Sunday, July 21, 2019

Pilih Buku Cetak atau Buku Digital?

Dulu, saya boleh dikata agak anti buku digital atau ebook. Diawal-awal kuliah doktor di Taiwan, saya masih setia dengan buku cetak. Tidak mau, dan bahkan sering mengaku tak nyaman kalau membaca buku digital, yang harus dilayari di hape itu.

Saat masih di Taiwan, untuk memenuhi bahan bacaan ringan, saya menjadi pelanggan setia perpustakaan pemerintah di Kaohsiung. Satu-satunya perpustakaan megah yang pernah saya temui. Bukan hanya sebagai tempat membaca dan belajar, tapi juga untuk rekreasi.

Walaupun perpustakaan tersebut ada di negara yang jauhnya lima jam terbang dari tanah air, buku-buku berbahasa Indonesia cukuplah jumlahnya untuk saya baca selama empat tahun di negeri Chiang Kai-Shek itu.

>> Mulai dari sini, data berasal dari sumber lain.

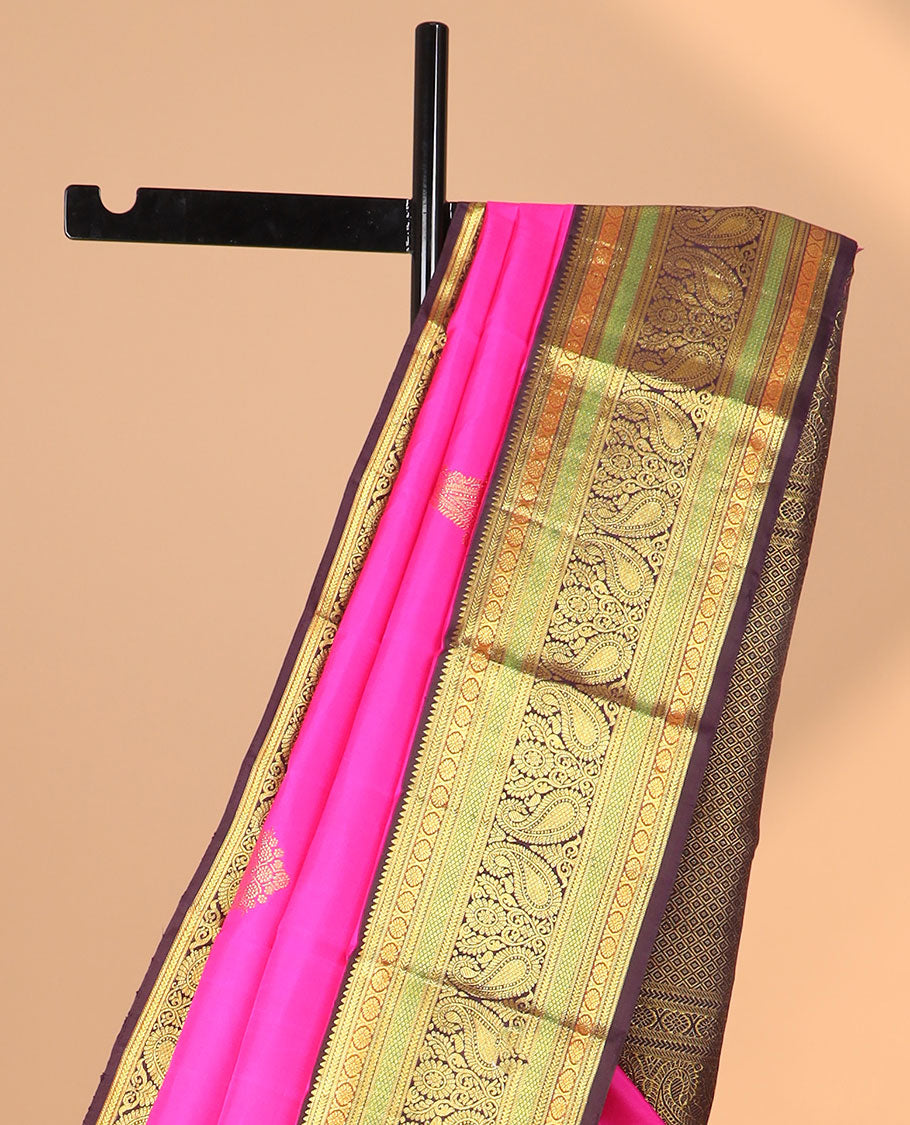 Pink buttas kancheepuram silk saree with contrast korvai border of rekku, banaras, poo chakram, manga design & floral zari design pallu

Di sana ada satu rak khusus yang menyediakan buku-buku berbahasa Indonesia.

Dari perpustakaan itulah saya menamatkan banyak novel. Ketika menatap paper-paper ilmiah yang ruwet itu menjadi cukup membosankan. Membuat urat kuduk menegang dan kepala mendadak pusing. Itu tandanya saya harus berganti bahan bacaan, ke yang santai-santai.

Waktu itu, kemanapun saya pergi, di ransel saya pasti ada buku, yang siap saya baca ketika menunggu bus, di dalam bus, atau malah di warung makan sekalipun, ketika di sekeliling saya tidak ada yang bisa saya ajak bercengkerama.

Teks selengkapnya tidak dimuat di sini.